Happy holidays! We were planning on having a small get together at my (30f) house with my dad (82m) and my two half sisters. They all live 2 hours north of where me, my husband and our 2 year old live. My nuclear family usually drives up to them, but being 30 weeks pregnant, managing a toddler nap schedule (he has not napped at my dad's condo) and my dad's aggressive and aggressively shedding cat we planned to host Christmas at our house and make one holiday easier.
The original plan was for them to come to us either for the day or stay overnight if they wanted to this Saturday the 27th. They all live 10-15 minutes away from each other, so the plan was for my dad to ride with one of them. My sisters have both since backed out of coming for different reasons. They are half-siblings from my mom's side (she passed away when I was 18), so they are not my dad's kids, but were willing/suggested helping as a solid to me which was appreciated. I have emotional frustration as this has been a larger pattern with my sisters, but am looking for more logistical solutions here.

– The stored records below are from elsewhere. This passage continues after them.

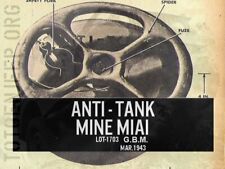 POCHOIR STENCIL MARQUAGE MINE ANTI TANK M1A1 . jeep willys dodge us  ww2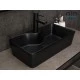 Раковина Gid Bm9092 53353 накладная черная матовая 55x31x14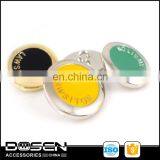 Shiny Colored Enamel Novelty Metal Sew on Buttons Shank Letters Pattern With Round Rim Sewing Button for Denim Clothing Jacket thumbnail-1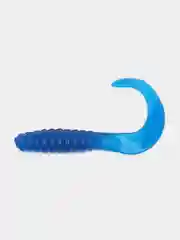 Синий силиконовая приманка (США) 10 и 100 шт, Curl Tail Grub, рыболовный силикон твистер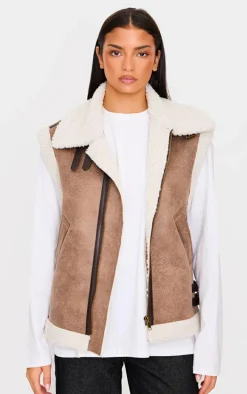 Brown Borg Buckle Vest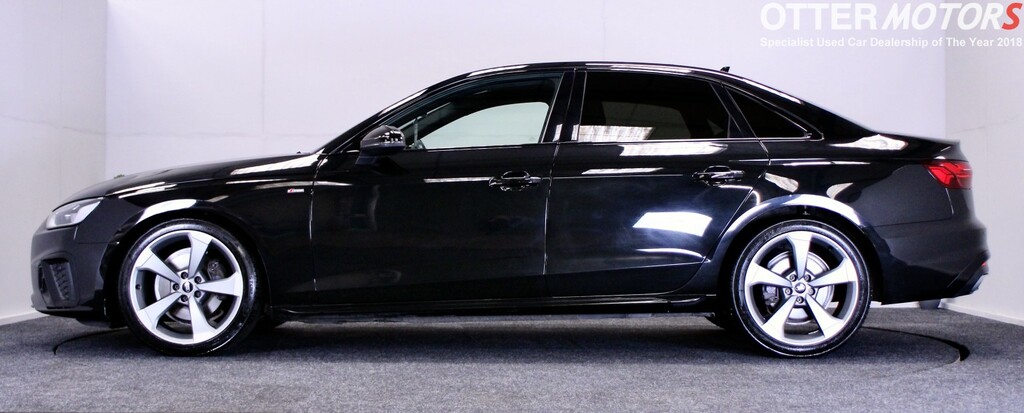 Audi A4 Saloon 2.0 Tfsi 35 Black Edition S-tronic - Ulez C VX71XUU Black #3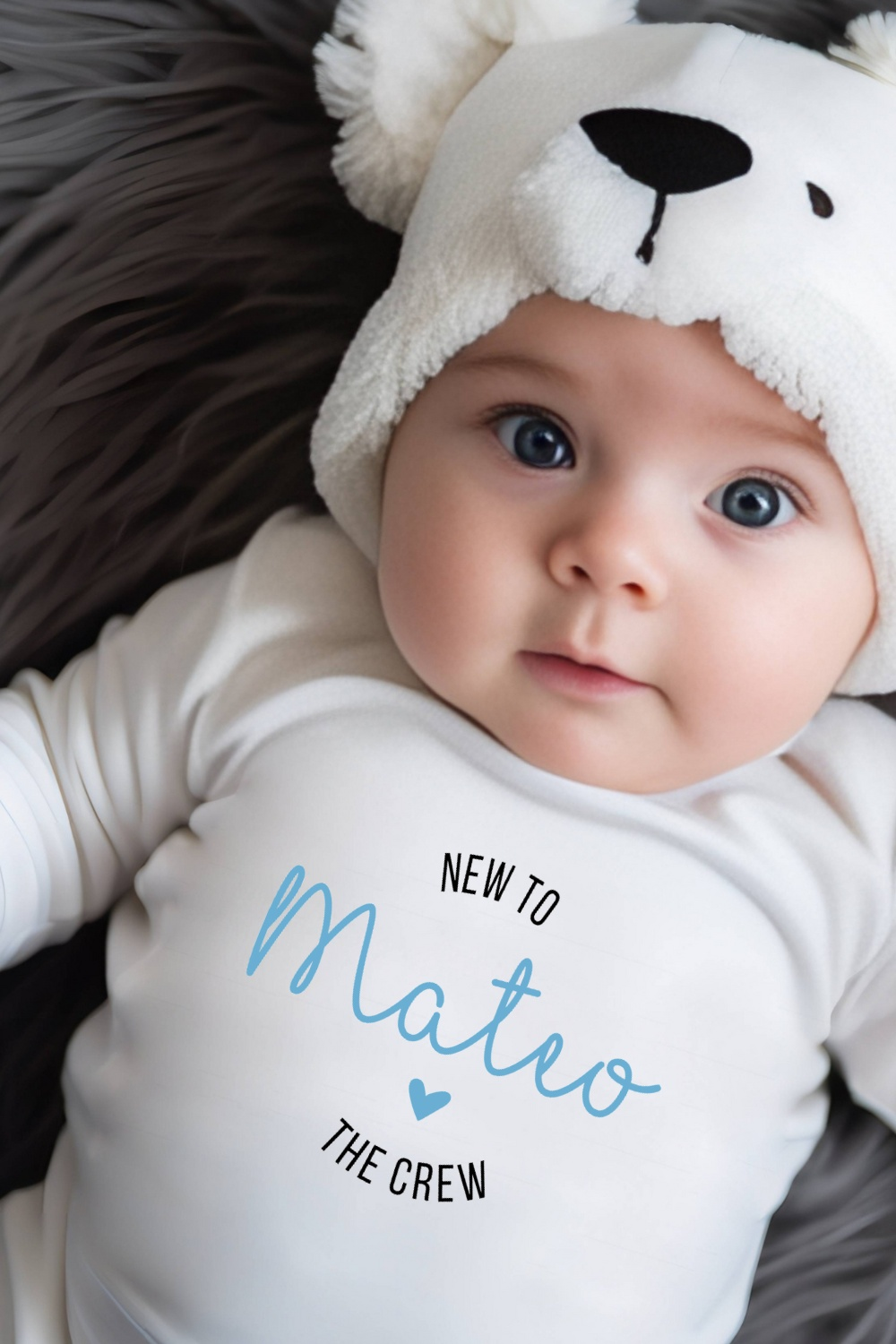 Weicher Babybody mit süßem Aufdruck, bequeme Kleidung für Babys, ideal für verschiedene Anlässe.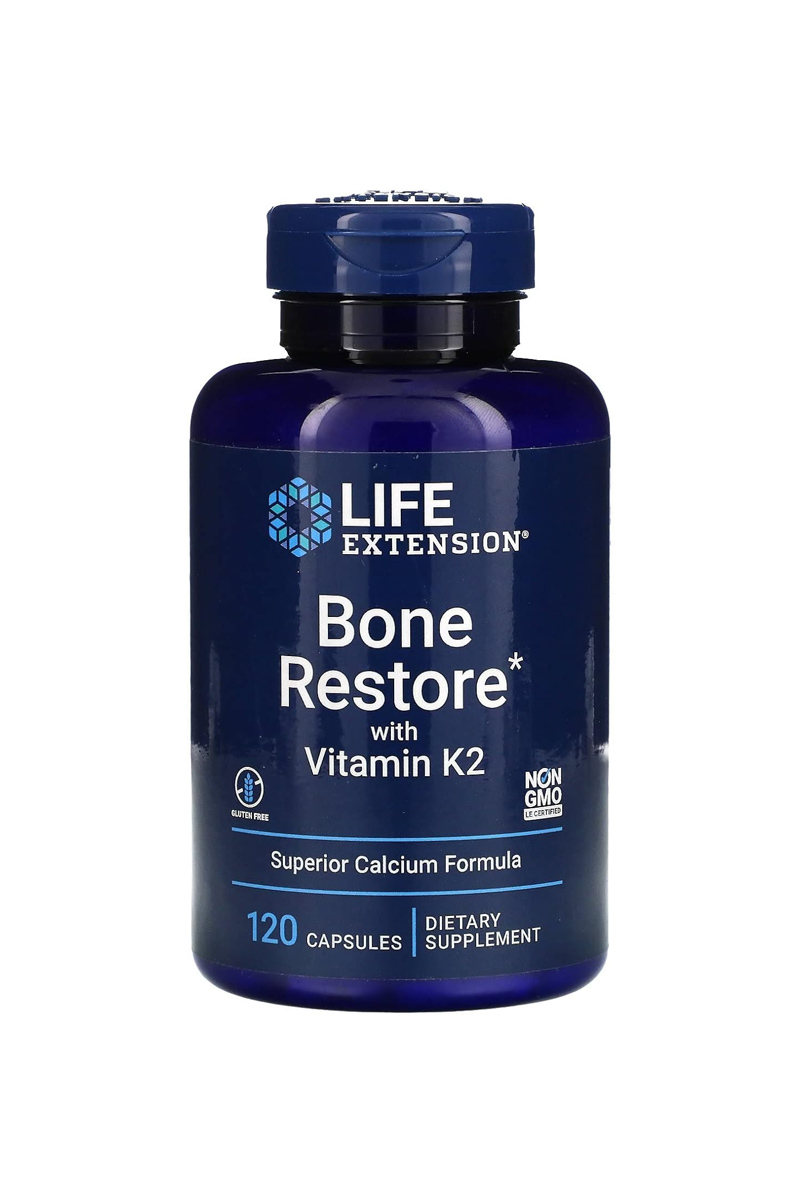 کپسول تقویت استخوان ویتامین K2 برند Life Extension - بسته 100 عددی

My husband has said he is willing to drive up, get my dad, drive back down and then take him home when we're all done, but its going to be 8 hours of driving. We went up to my dad's for Thanksgiving this year and are at a point where it is extremely uncomfortable between pregnancy, the cat hair everywhere, and our son needing to nap around 1. My dad has had knee issues and while he gets around driving locally fine, he would not be up for making the drive himself which is understandable.
I'm trying to figure out if there are any options to transport my dad 2 hours outside of my husband having to drive. Uber would be $200 each way, and NEMT seems like it would be even more expensive. I don't think its fair to my dad that he doesn't get Christmas with his grandson because my sisters flaked, so I'm not looking to cancel. But I also have to balance my husband and child's needs, and it is just not going to be reasonable for us going forward (especially after another baby is born) to do holidays at his place.
I wish the best of luck to you, whatever the circumstances. Afraid this may fall under that huge umbrella of "not everything can be fixed".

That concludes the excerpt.